PRDP: Proximal Reward Difference Prediction for Large-Scale Reward Finetuning of Diffusion Models
This paper introduces PRDP, a novel method for large-scale reward finetuning of diffusion models. PRDP enables stable black-box reward maximization for diffusion models on large-scale prompt datasets with over 100K prompts. The key innovation is the Reward Difference Prediction (RDP) objective, which has the same optimal solution as the RL objective while enjoying better training stability. Specifically, the RDP objective is a supervised regression objective that tasks the diffusion model with predicting the reward difference of generated image pairs from their denoising trajectories. We theoretically prove that the diffusion model that obtains perfect reward difference prediction is exactly the maximizer of the RL objective. We further develop an online algorithm with proximal updates to stably optimize the RDP objective. In experiments, we demonstrate that PRDP can match the reward maximization ability of well-established RL-based methods in small-scale training. Furthermore, through large-scale training on text prompts from the Human Preference Dataset v2 and the Pick-a-Pic v1 dataset, PRDP achieves superior generation quality on a diverse set of complex, unseen prompts whereas RL-based methods completely fail.

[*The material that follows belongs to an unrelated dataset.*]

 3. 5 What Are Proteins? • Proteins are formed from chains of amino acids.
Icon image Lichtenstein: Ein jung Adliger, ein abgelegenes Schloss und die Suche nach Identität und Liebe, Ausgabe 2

PRDP is based on the idea of converting the RLHF objective into a supervised regression objective. This allows for stable training on large-scale prompt datasets. The method is inspired by the success of DPO in language models, which converts the RLHF objective into a supervised classification objective. For diffusion models, we derive a new supervised regression objective, called Reward Difference Prediction (RDP), that has the same optimal solution as the RLHF objective while enjoying better training stability. Specifically, our RDP objective tasks the diffusion model with predicting the reward difference of generated image pairs from their denoising trajectories. We prove that the diffusion model that obtains perfect reward difference prediction is exactly the maximizer of the RLHF objective. We further propose proximal updates and online optimization to improve training stability and generation quality.
Our contributions are summarized as follows:
• We propose PRDP, a scalable reward finetuning method for diffusion models, with a new reward difference prediction objective and its stable optimization algorithm.

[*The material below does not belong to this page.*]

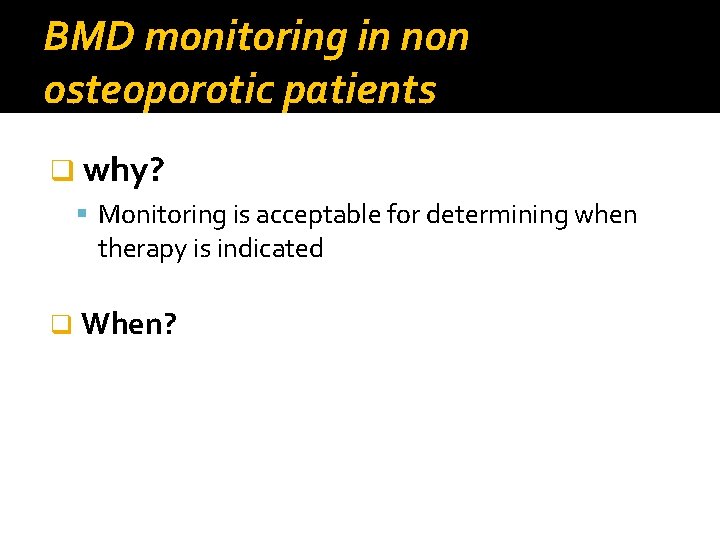 BMD monitoring in non osteoporotic patients q why? Monitoring is acceptable for determining when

• PRDP achieves stable black-box reward maximization for diffusion models for the first time on large-scale prompt datasets with over 100K prompts.
• PRDP exhibits superior generation quality and generalization to unseen prompts through large-scale training.PRDP: Proximal Reward Difference Prediction for Large-Scale Reward Finetuning of Diffusion Models
This paper introduces PRDP, a novel method for large-scale reward finetuning of diffusion models. PRDP enables stable black-box reward maximization for diffusion models on large-scale prompt datasets with over 100K prompts. The key innovation is the Reward Difference Prediction (RDP) objective, which has the same optimal solution as the RL objective while enjoying better training stability. Specifically, the RDP objective is a supervised regression objective that tasks the diffusion model with predicting the reward difference of generated image pairs from their denoising trajectories. We theoretically prove that the diffusion model that obtains perfect reward difference prediction is exactly the maximizer of the RL objective. We further develop an online algorithm with proximal updates to stably optimize the RDP objective. In experiments, we demonstrate that PRDP can match the reward maximization ability of well-established RL-based methods in small-scale training. Furthermore, through large-scale training on text prompts from the Human Preference Dataset v2 and the Pick-a-Pic v1 dataset, PRDP achieves superior generation quality on a diverse set of complex, unseen prompts whereas RL-based methods completely fail.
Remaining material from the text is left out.